Of course, a lot of the stall owners are gone on break as well, and in their place, there are people selling t-shirts, Eiffel tower statues, African statues, and yes, even people hawking scarves in August. Although with the less-than-optimal weather, I’ll admit I’ve kept a few scarves handy on my coat rack. (And seasoned locals know better than to pack away their sweaters as well.)
Speaking of apparel, something that’s become popular this year are les marinières, or French sailor shirts. No, people in Paris don’t generally wear berets, but they do have a curious love of anything nautical, even though the closest somewhat large body of water is the Seine. Although it’s not exactly a place you want to set sail. Or worse, capsize. I’ve been tempted to get one of those shirts myself, to be part of the jaunty crowd, but when I met up with two friends recently and both showed up wearing them, I decided to stick with the normal uniform of basic black.

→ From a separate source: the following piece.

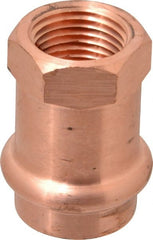 NIBCO - 3/4 x 1/2" Wrot Copper Pipe Adapter - Apex Tool & Supply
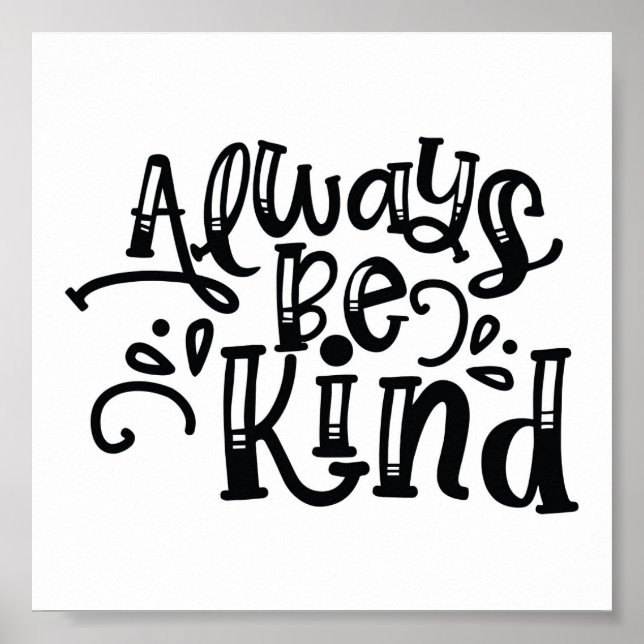 Inspirational Quote Poster (Front)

Since I was able to get out of bed before noon today, I bought a lot of fruit, some tomatoes, and a bunch of basil from the only stand with bunches of it. Because I’m trying to dial down how much I’m eating for a while, after an over-indulgent trip to New York (and that’s putting it mildly…), I’m happily eating my way through anything and everything that’s I can get my hands on that’s a fresh fruit or vegetable. Last night I made a tomato-avocado salad with garlic toasts from my pain Poilâne and today, I chopped up some of that basil and a bit of fresh garlic and made a blitz-style Panzanella with the leftovers that had been soaking all night in the vinaigrette.
I’m probably going to eat most of the fresh fruit as is. (Well, if I can manage to emerge victorious from a first-time inundation by fruit flies.) I did buy a kilo of apricots because someone I know keeps buying jam at the supermarket when he runs out, which is folly because normally during the summer, I am a jam-making machine. So instead of being triste that summer has—at least weather-wise, been a bit of a bust, I’m making do with what I have. And I’m not complaining.